Continuous-flow synthesis of doped all-inorganic perovskite nanocrystals enabled by a microfluidic reactor for light-emitting diode application

Abstract

All-inorganic perovskite nanocrystals (AIPNCs) possess the advantages of narrow emission spectrum, high quantum efficiency of luminescence and tunable luminescence position, which show a broad application prospect in the fields of optoelectronic materials and devices. Ion doping can tune their pristine crystal structures and luminescent properties or endow the AIPNCs with additional functionalities. Herein, a microfluidic reactor is designed to produce the Ce3+-doped AIPNCs based on the continuous-flow reaction. The mechanism of the flow synthesis of Ce3+-doped AIPNCs is the efficient physical mixing of the precursor ions in the confined micro-channel, the reaction nucleation of crystal seeds in the poor solvent and the crystal growth of the doped AIPNCs along the flow direction.
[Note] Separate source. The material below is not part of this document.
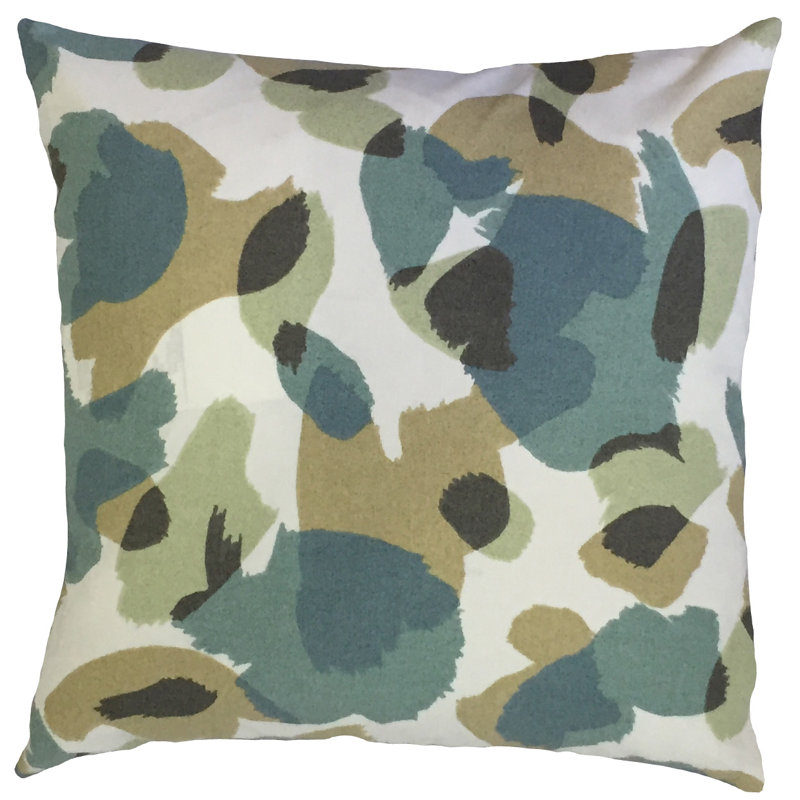 Coussin décoratif en duvet 100% coton Tasanee, 20 po x 20 po, Bleu / vert / gris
The synthesis process can be on-line monitored by an optical fiber absorption spectrometer and an optical fiber fluorescence spectrometer. The doping concentration of Ce3+ can be facilely controlled by changing the flow parameters in the microfluidic reactor, and the highest value reaches 1%. The Ce3+ doping can improve the photoluminescence efficiency and the stability of the AIPNCs. The Ce3+-doped CsPbBr3 AIPNCs can be used to manufacture green light-emitting diodes (LEDs) with a high color purity of 93.3% and white LEDs with correlated color temperature (CCT) of 10,436 K, CIE color coordinates of (0.261, 0.317) and color-rendering index (CRI) of 72.1. The continuous and controllable synthesis of AIPNCs by microfluidic reactor opens up new avenues for the application of the high-performance optoelectronic materials and devices.